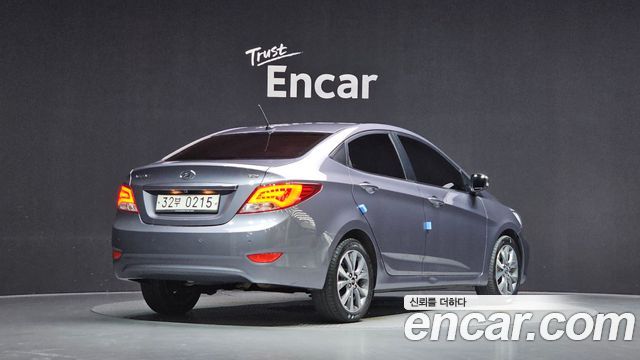 Hyundai Accent 2016 — photo 2
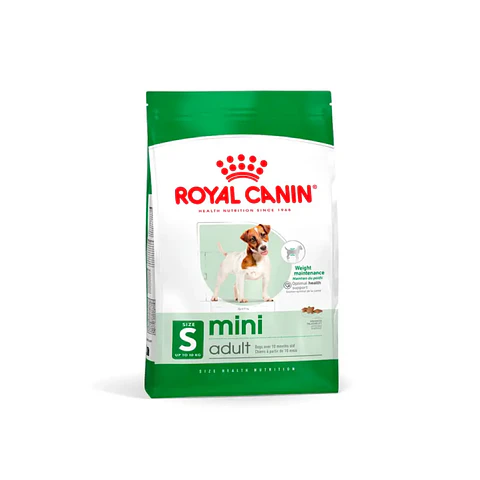Alimento Royal Canin Perro Mini Adulto - 2.5kg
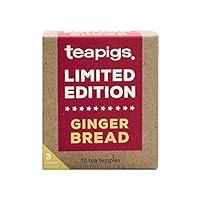 Algopix Similar Product 5 - teapigs Gingerbread Tea Made With Whole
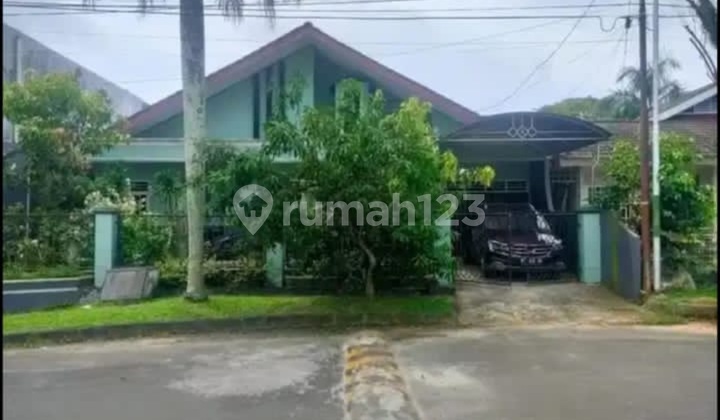 Rumah Strategis & Terawat di Balikpapan Baru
··········
• To do
Restate the listing word for word and drop the pictures.

• Answer
 Hyundai Accent 2016 — photo 2
Alimento Royal Canin Perro Mini Adulto - 2.5kg
 Algopix Similar Product 5 - teapigs Gingerbread Tea Made With Whole
 Rumah Strategis & Terawat di Balikpapan Baru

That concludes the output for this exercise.